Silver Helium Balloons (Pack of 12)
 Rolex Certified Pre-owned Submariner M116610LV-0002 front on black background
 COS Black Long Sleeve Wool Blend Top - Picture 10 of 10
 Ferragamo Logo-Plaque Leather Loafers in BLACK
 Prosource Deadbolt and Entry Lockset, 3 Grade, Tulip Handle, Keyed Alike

Action item –
The line with "Ferragamo Logo-Plaque Leather" and all the lines after it in the records above are to be output exactly, with nothing added.

Answer box –
 Ferragamo Logo-Plaque Leather Loafers in BLACK
 Prosource Deadbolt and Entry Lockset, 3 Grade, Tulip Handle, Keyed Alike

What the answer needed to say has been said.